The mean age of the participants in 2012 was 76.8 (±8.2) years and 57% were female. In 2012, a total of 45.3% (13940/30753) of patients received one, to more than three, inappropriate prescriptions; in 2015, the given prevalence was 50.97% (14 823/29 077). Up to 15% (n=4537) of patients had at least one hospital admission and their risk of having any potentially inappropriate prescription increased significantly after admission (p<0.05; OR 1.72; CI 1.63 to 1.84). Overall, the analyses showed a significant association between hospital admission and potentially inappropriate prescribing.

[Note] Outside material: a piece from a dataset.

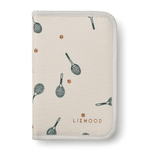 Etui - Peggy tennis/sandy mix von Liewood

This study focused on the association between hospital admission and potentially inappropriate prescribing among older Irish people. This study further outlined whether inadequate prescribing is more probable after hospital admission compared with before. The authors conducted and reported a very well-designed investigation by using the Strengthening the Reporting of Observational studies in Epidemiology (STROBE) statement as suggested by the equator network (www.equator-network.org). This checklist includes 22 items and was developed to support scientists in reporting observational studies transparently. Furthermore, the sample size was large and the researchers used the latest version of the STOPP criteria to evaluate inappropriate prescribing, whereby merely 45 (56%) of the 80 criteria, which this tool normally includes, were used.3 In addition, the use of STOPP criteria, which were developed by a panel of expert prescribers, is suggested for older primary care patients and is described as a validated screening tool to detect potentially inappropriate prescribing in older people.2 3
Inappropriate prescribing of medications is a common problem at care transition and associated with adverse drug events.4 Therefore, the process of medication reconciliation could be a strategy to reduce adverse events. The objective of this process is to create the most accurate list of medications (including herbals, vitamins, nutritional supplements, over-the-counter drugs, etc) a patient is taking. Therefore, five steps are suggested: First, compile a list of the patient’s medication before hospital admission; then list currently needed medication (in hospital) and compare them in step three with the list of medications taken by the patient; after that generate a new list of medications based on the comparison. Step five is to share and discuss the updated list with the patient and/or to the caregivers.5 An updated review of medications presents evidence for medication reconciliation/review in primary care to reduce medication discrepancies at care transition whereby pharmacists, nurses and primary care physicians should collaborate.6
Competing interests None declared.
Provenance and peer review Commissioned; internally peer reviewed.